One more thing to mention... Healthy paws covers acupuncture, chiropractic care, etc, whereas Trupanion only covers it if you add on an additional rider (for more money, of course). And, you have to have the rider before anything happens, or it's considered pre-existing. They didn't offer the rider yet when we signed Roxy up, and by the time they did offer it, she was already receiving chiropractic care and acupuncture. Now we can't use the rider, because her condition is pre-existing, even though they didn't offer the coverage before. So we have to pay for acupuncture out of pocket. It's not ideal, but what can we do?


----------



## Jax08 (Feb 13, 2009)

Alot of it is based on what your personal preferences are. HP will cover both ACL's if they tear, most only cover hte first one. They will cover HD once the criteria is met. Yearly deductible instead of per incidence.

So look at them all and see what you prefer.


----------



## GypsyGhost (Dec 29, 2014)

Jax08 said:


> Alot of it is based on what your personal preferences are. HP will cover both ACL's if they tear, most only cover hte first one. They will cover HD once the criteria is met. Yearly deductible instead of per incidence.
> 
> So look at them all and see what you prefer.


^^^This.


----------



## NancyJ (Jun 15, 2003)

I use Petplan mainly because they have no exclusion for injuries incurred during actual work. (Beau is a cadaver dog, Till live find) -- Healthypaws says not covered. Trupanion increases premium. I had VPI at one point and never again. Petplan is only 80% at specialists and doggie ERs so no point going for more coverage. I do high deductible as well. If I did not have that working exclusion I would choose healthy paws.

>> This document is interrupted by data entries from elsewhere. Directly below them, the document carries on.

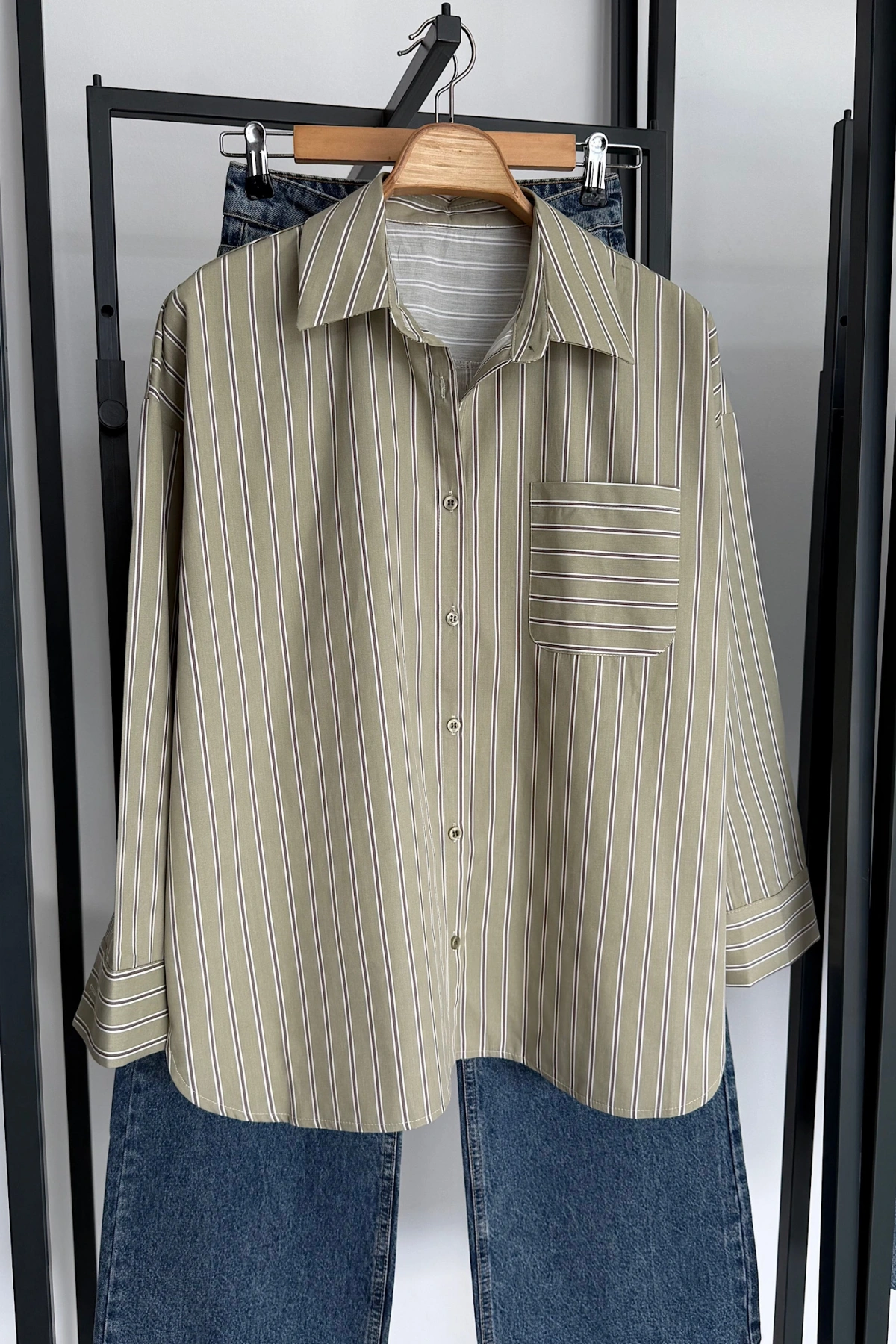 Oversize Çizgili Cepli Gömlek Açık Yeşil
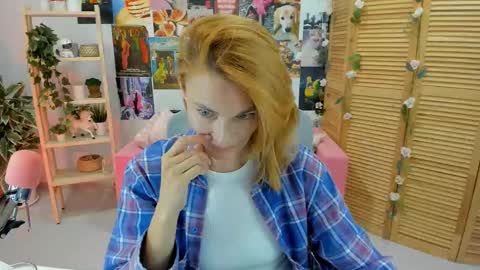 Snapshot of mistybarnes chatting on February 28, 8:53 am MistyBarnes NONUDE MODEL online show from February 28, 8:53 am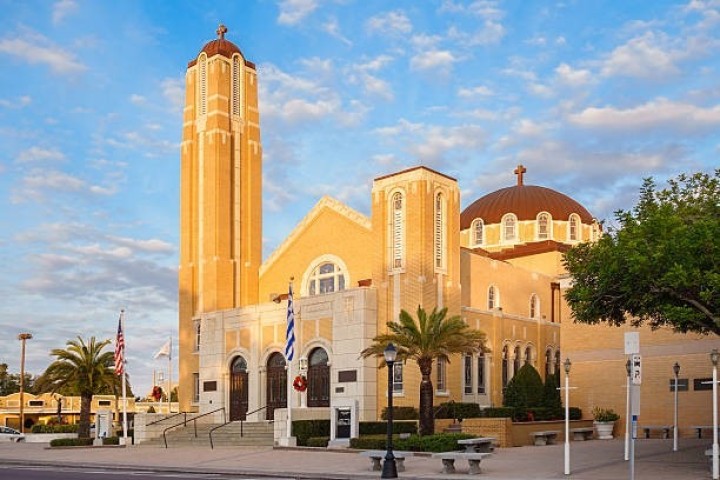 Η πρώτη δουλειά των μεταναστών, ήταν να κτίσουν εκκλησίες, όπως του Αγίου Νικολάου στο Tarpon Springs,  FL. The immigrants’ first job was to build churches, such as St. Nicholas in Tarpon Springs, FL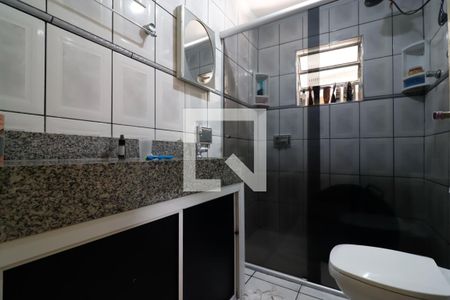 Casa 1 - Banheiro de casa à venda com 5 quartos, 179m² em Jardim Ipanema (zona Leste), São Paulo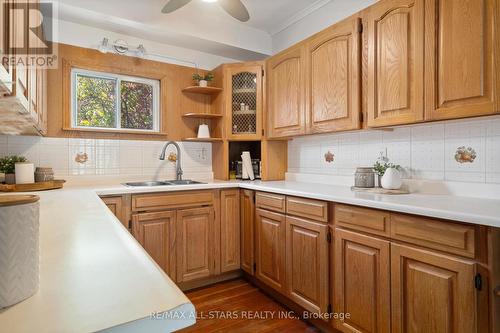 61 Francis St E, Kawartha Lakes, ON - Indoor Photo Showing Kitchen With Double Sink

Funny thing is that both dogs are adults, good working structure (OFA, Penn hip, and other x-rays) and no health problems. I am rethinking but whenever I do, there goes a broken canine, or other injury......


----------



## Wags (Dec 17, 2015)

jocoyn said:


> I use Petplan mainly because they have no exclusion for injuries incurred during actual work. (Beau is a cadaver dog, Till live find) -- Healthypaws says not covered. Trupanion increases premium. I had VPI at one point and never again. Petplan is only 80% at specialists and doggie ERs so no point going for more coverage. I do high deductible as well. If I did not have that working exclusion I would choose healthy paws.
> 
> Funny thing is that both dogs are adults, good working structure (OFA, Penn hip, and other x-rays) and no health problems. I am rethinking but whenever I do, there goes a broken canine, or other injury......


Yeah, it's just even a healthy dog can get into something when you aren't looking, and then you need to take them to the vet and have tests, and maybe even surgery.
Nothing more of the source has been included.